Transcribe only the lines from the one containing "Flor Azul Hecha" through the final line of the entries below, exactly, and exclude the pictures.

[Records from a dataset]

== Segment start ==

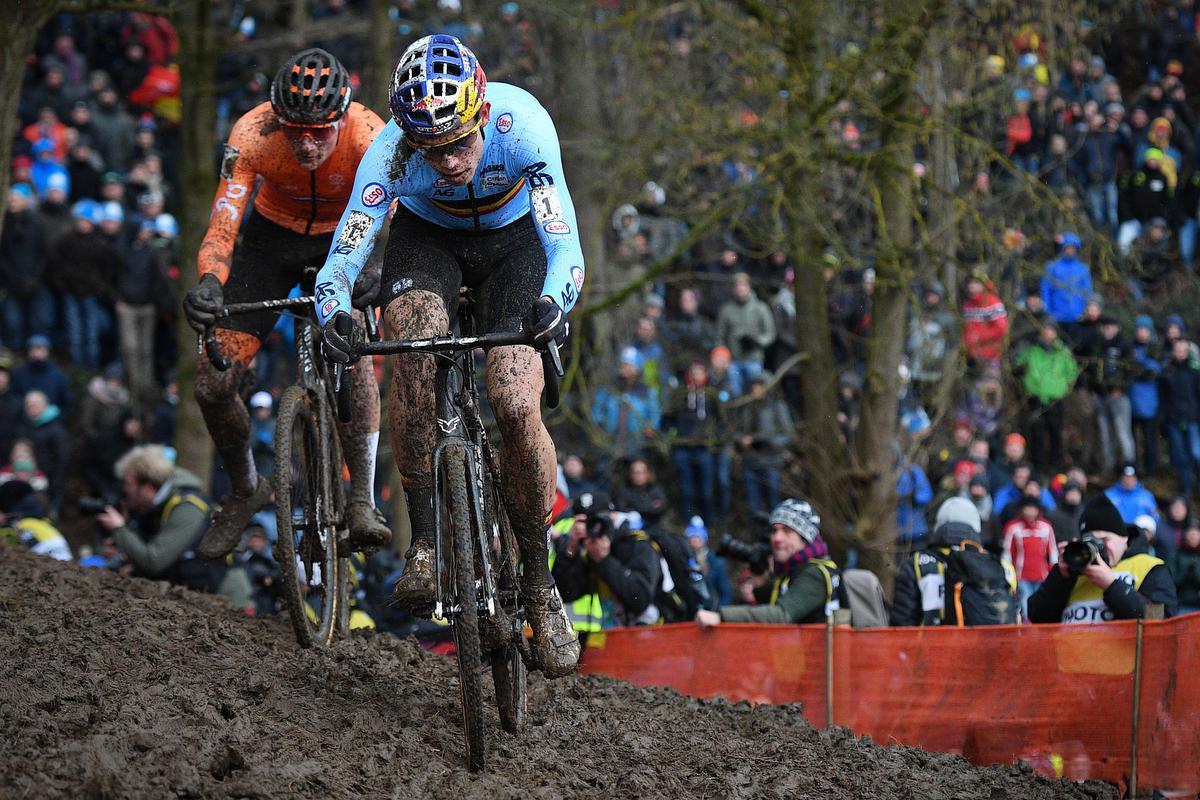 Wout van Aert en Mathieu van der Poel tijdens het WK in Valkenburg in 2018.© BELGA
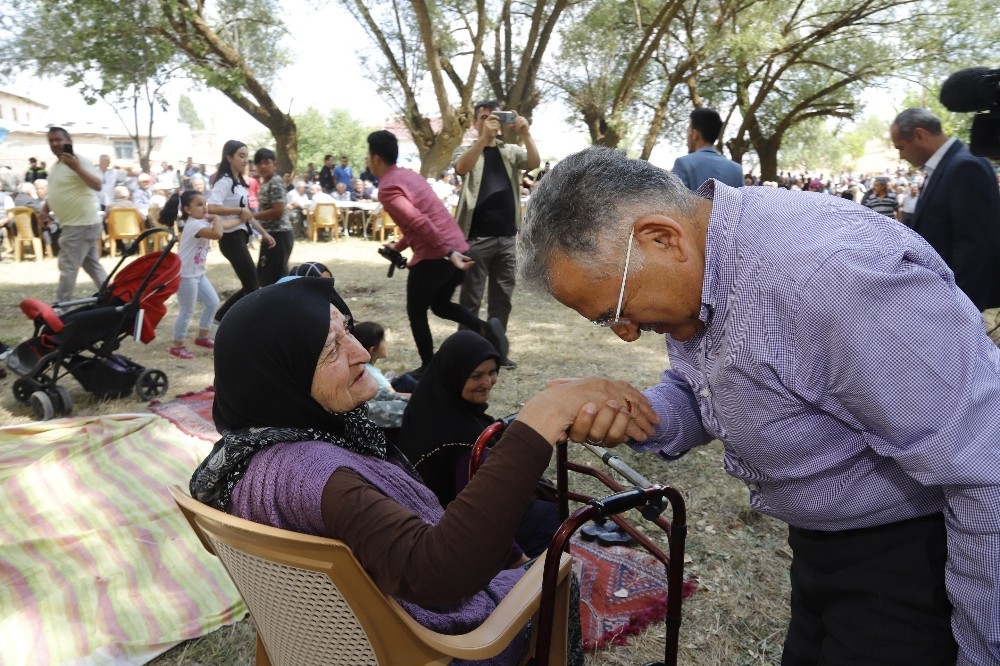 Başkan Büyükkılıç, Bünyan’ın Yağmurbeyli Mahallesi’nde yapılan şenliğe katılarak vatandaşlarla bir araya geldi 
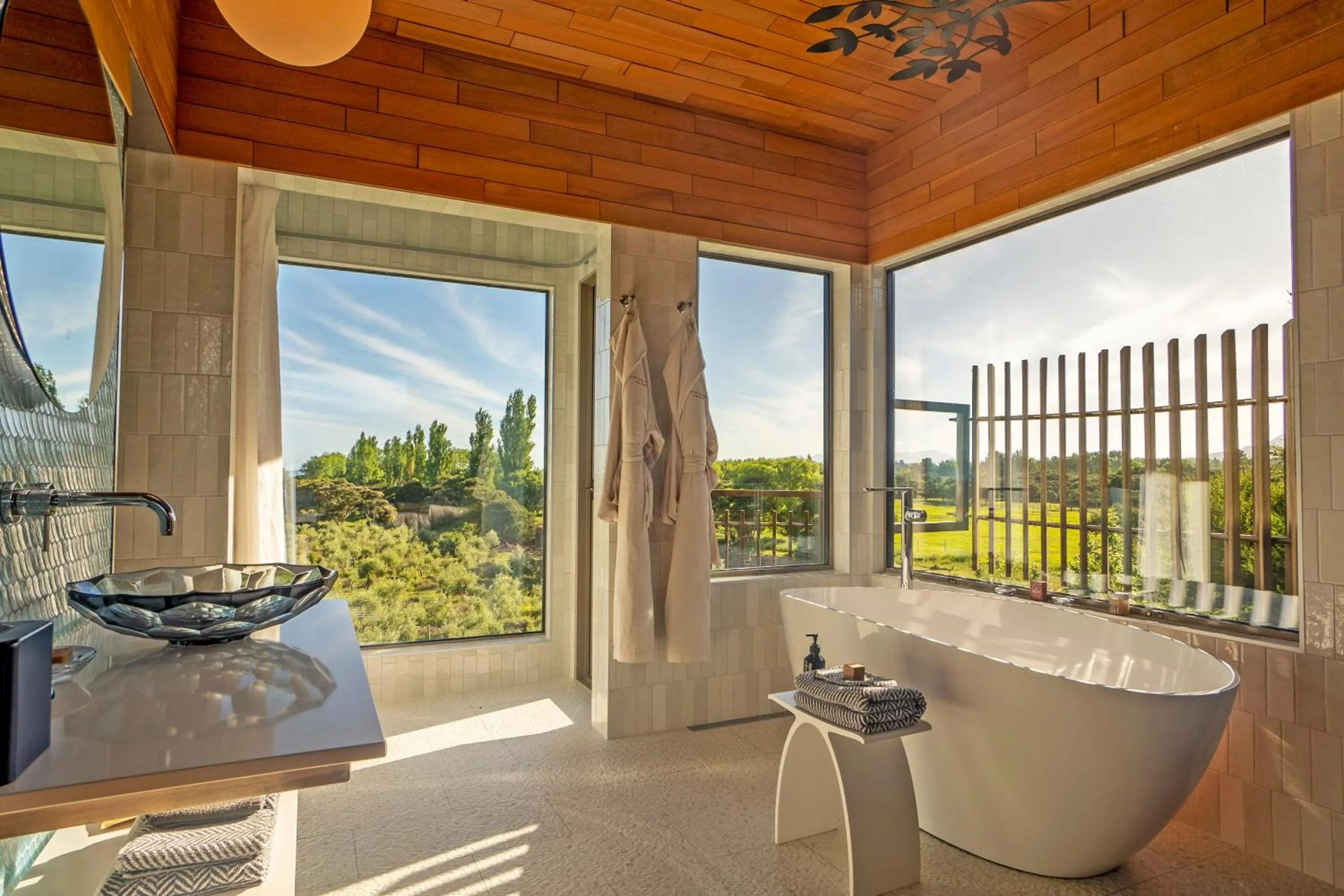 Bathroom in Hapuku Lodge & Tree Houses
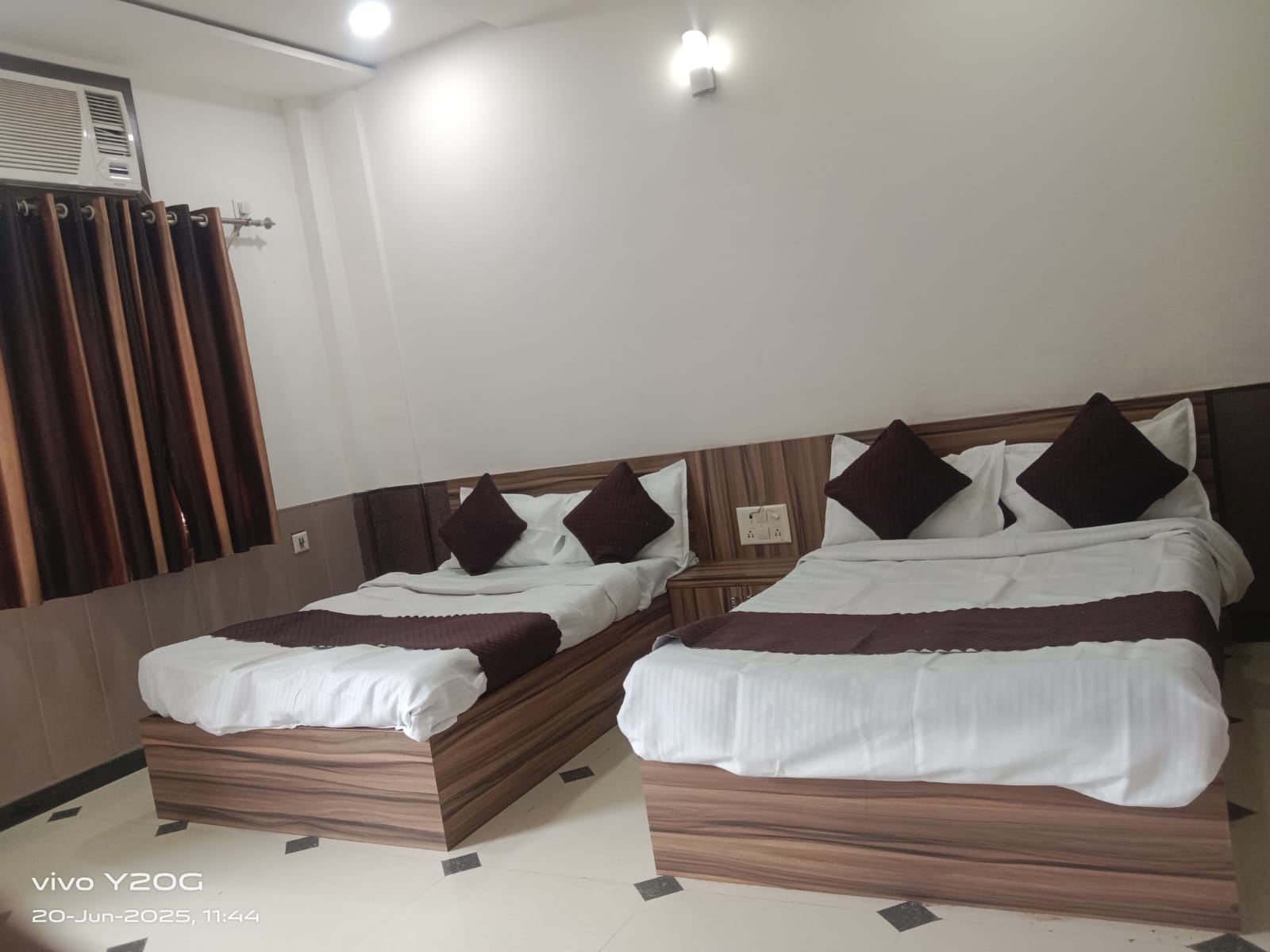 Hotel Kingston Krishna Jungle - Tap to explore photos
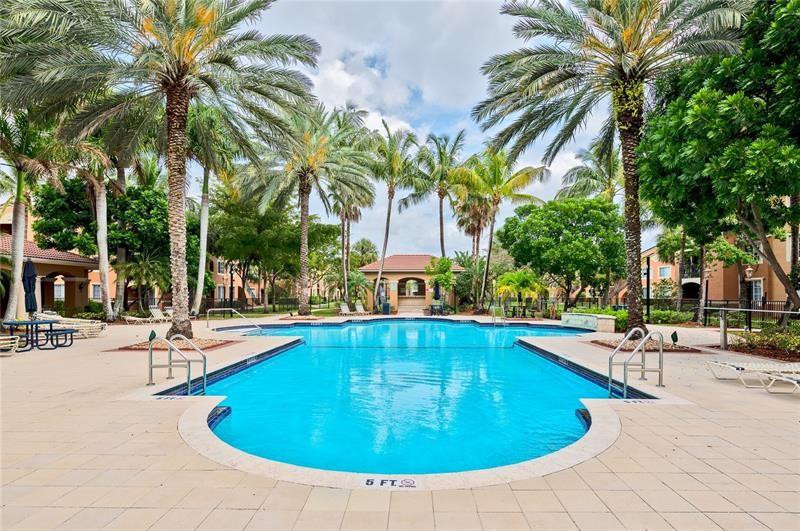 8020 N NOB HILL #206, Tamarac FL 33321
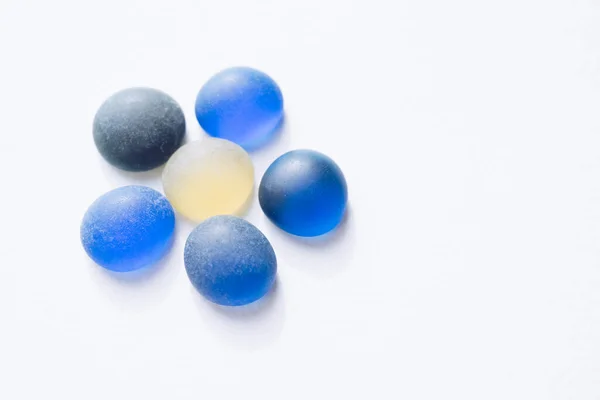 Flor Azul Hecha Piedras Vidrio Sobre Papel Blanco Copiar Espacio — Foto de Stock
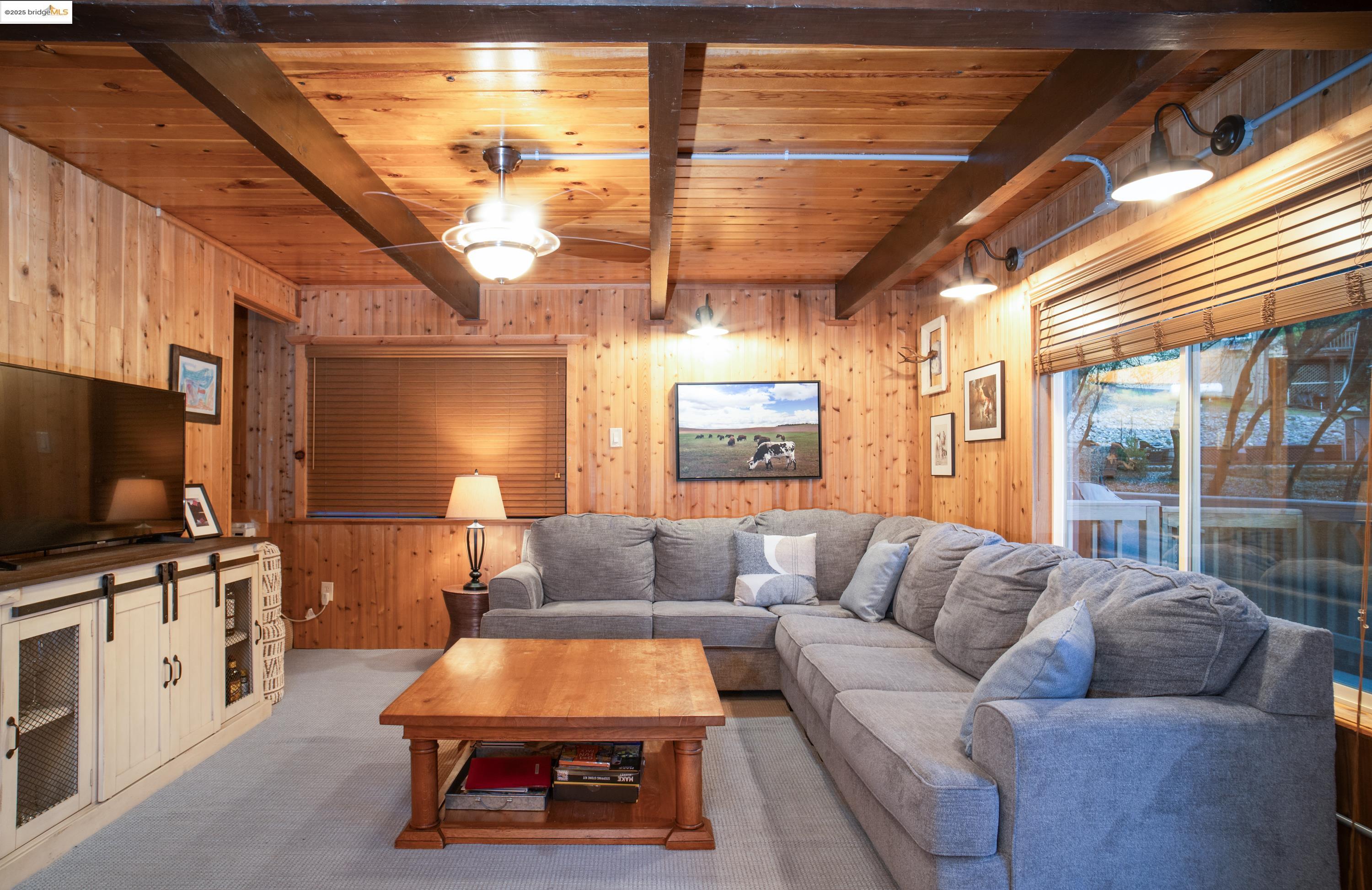 Detail Gallery Image 6 of 41 For 19935 Pleasantview Dr, Groveland,  CA 95321-9999 - 3 Beds | 1/1 Baths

== Segment end ==

→ **Answer to this problem**
 Flor Azul Hecha Piedras Vidrio Sobre Papel Blanco Copiar Espacio — Foto de Stock
 Detail Gallery Image 6 of 41 For 19935 Pleasantview Dr, Groveland,  CA 95321-9999 - 3 Beds | 1/1 Baths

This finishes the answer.